# Mastering SST & SSE in R: A Complete Guide for Analysts

2 Shares

Calculating the sum of squared residuals (SSR, also known as the sum of squared errors; SSE) in R provides valuable insights into the quality of statistical models. In addition, computing the total sum of squares (SST) is crucial for understanding the overall variability in the data. Whether you are delving into psychology or hearing science, these calculations can offer a robust framework. For example, they can evaluate model performance and draw meaningful conclusions.

In psychology, understanding SSE in R can allow researchers to evaluate the accuracy of a predictive model. Moreover, it can enable us to determine how well the model fits the observed data. By quantifying the discrepancies between predicted and actual values, we can gain insights into the effectiveness of their theories and hypotheses. Similarly, in hearing science, calculating SSR in R can be important for analyzing auditory perception and assessing the performance of models predicting listeners’ responses. This evaluation aids in fine-tuning models and optimizing their predictive capabilities.
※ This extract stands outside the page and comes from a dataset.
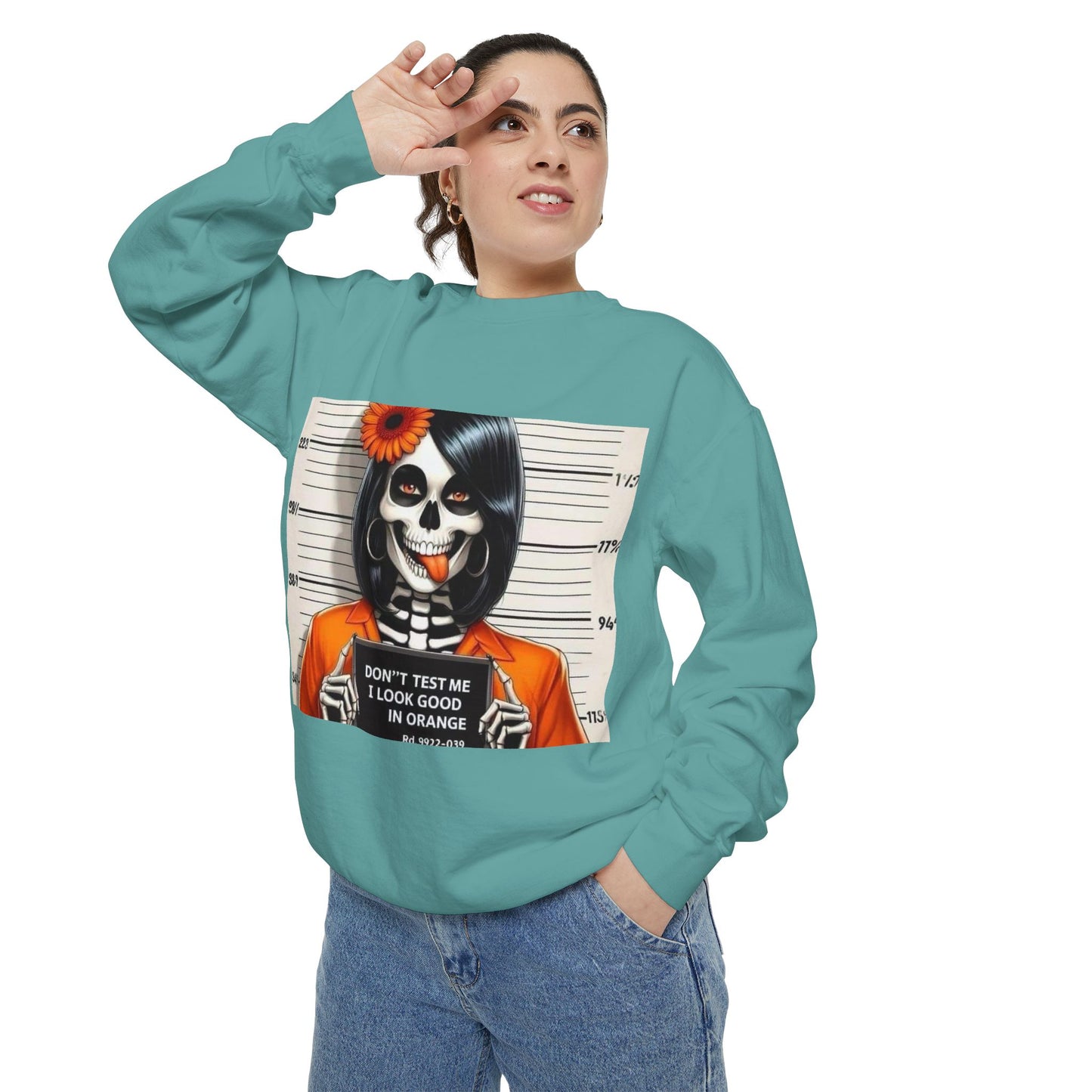 “Too Cool to Be Cold” Funny Sweater Unisex Skull Sweatshirt with Quote | Cozy Halloween Fashion, Gift for Fall Celebrations,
Moreover, the computation of SST in R plays can have an essential role in both fields. By capturing the total variability in the data, SST allows us to differentiate between the inherent variation within the data and the variability accounted for by the model. This information is indispensable in gauging the model’s explanatory power and discerning the significance of the predictors under investigation.

In the next section, the outline of the post will be described, providing a step-by-step guide on how to calculate SSE/SSR, and SST in R. By following this guide, you will gain a solid understanding of these calculations. Moreover, you will learn how to leverage them effectively in your research and data analysis. In the next section, the outline of the post will be described in more detail, expanding upon each topic and providing further insights and examples.

## Outline

The outline of the post begins by discussing the requirements for calculating the sum of squared errors (SSE), also known as the sum of squared residuals (SSR), and the total sum of squares (SST) in R. It then delves into answering the questions of what SSE, SSR, and SST are, providing explanations and highlighting their significance. Next, the post demonstrates how to fit a linear model in R and subsequently guides the readers through calculating SST and SSR/SSE. The post also explains how these calculations can be performed using an ANOVA object. Throughout the content, active examples and code snippets illustrate the concepts. Lastly, the post summarizes the key points covered. Here the emphasis is on the importance of understanding and calculating SSE and SSR/SST in statistical analysis.

## Requirements

The requirement for this post is to have a basic understanding of statistical analysis and regression models. Familiarity with R programming language, including the usage of functions like `lm()`, `%in%`, and dplyr package, is essential. You should also run the latest version of R (or update R to the latest version). Additionally, a foundational understanding of the concepts (e.g., SSE/SSR, & SST) is necessary. The readers should be comfortable with data manipulation using dplyr, conditional operations with `%in%`, and fitting linear regression models using `lm()`. Prior knowledge of ANOVA (Analysis of Variance) and its use in R would be beneficial. The post assumes readers have a dataset available to perform the calculations.

## What are These Sum of Squares?

This section will briefly describe the SSE/SSR, and SST.

What is the sum of squared errors (SSE/SSR)?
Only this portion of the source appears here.